Evolutionary Multimodal Reasoning via Hierarchical Semantic Representation for Intent Recognition
Abstract
Multimodal intent recognition aims to infer human intents by jointly modeling various modalities, playing a pivotal role in real-world dialogue systems. However, current methods struggle to model hierarchical semantics underlying complex intents and lack the capacity for self-evolving reasoning over multimodal representations. To address these issues, we propose HIER, a novel method that integrates HIerarchical semantic representation with Evolutionary Reasoning based on Multimodal Large Language Model (MLLM). Inspired by human cognition, HIER introduces a structured reasoning paradigm that organizes multimodal semantics into three progressively abstracted levels. It starts with modality-specific tokens extracted by encoders, capturing localized semantic cues. These tokens are then abstracted into semantic concepts via a label-guided clustering strategy, yielding mid-level intent-aware patterns. To capture higher-order structure, inter-concept relations are selected through a JS-divergence-based mechanism to highlight salient dependencies across concepts.

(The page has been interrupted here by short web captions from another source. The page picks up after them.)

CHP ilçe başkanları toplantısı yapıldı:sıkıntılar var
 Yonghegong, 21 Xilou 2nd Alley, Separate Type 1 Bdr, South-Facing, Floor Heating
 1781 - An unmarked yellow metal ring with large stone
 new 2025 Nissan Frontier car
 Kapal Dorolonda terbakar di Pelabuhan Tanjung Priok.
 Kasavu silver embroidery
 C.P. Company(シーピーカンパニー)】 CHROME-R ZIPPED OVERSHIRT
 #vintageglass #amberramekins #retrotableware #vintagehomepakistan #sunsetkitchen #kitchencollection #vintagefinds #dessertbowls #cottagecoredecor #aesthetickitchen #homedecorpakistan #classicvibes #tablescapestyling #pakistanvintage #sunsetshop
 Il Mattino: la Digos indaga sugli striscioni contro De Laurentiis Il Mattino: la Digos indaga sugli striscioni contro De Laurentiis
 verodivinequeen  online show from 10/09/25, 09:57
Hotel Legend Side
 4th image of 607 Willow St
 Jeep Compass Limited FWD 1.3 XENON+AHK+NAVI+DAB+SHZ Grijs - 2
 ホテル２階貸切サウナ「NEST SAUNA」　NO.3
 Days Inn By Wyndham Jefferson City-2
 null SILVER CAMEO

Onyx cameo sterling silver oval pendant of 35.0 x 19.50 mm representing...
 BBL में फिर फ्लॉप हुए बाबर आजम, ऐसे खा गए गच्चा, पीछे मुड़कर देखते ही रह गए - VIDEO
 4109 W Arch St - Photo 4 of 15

These hierarchical representations are then injected into MLLM via CoT-driven prompting, enabling step-wise reasoning. Besides, HIER utilizes a self-evolution mechanism that refines semantic representations through MLLM feedback, allowing dynamic adaptation during inference. Experiments on three challenging benchmarks show that HIER not only consistently outperforms state-of-the-art methods and MLLMs with 1–3% gains across all metrics, but also exhibits strong generalization across diverse backbones.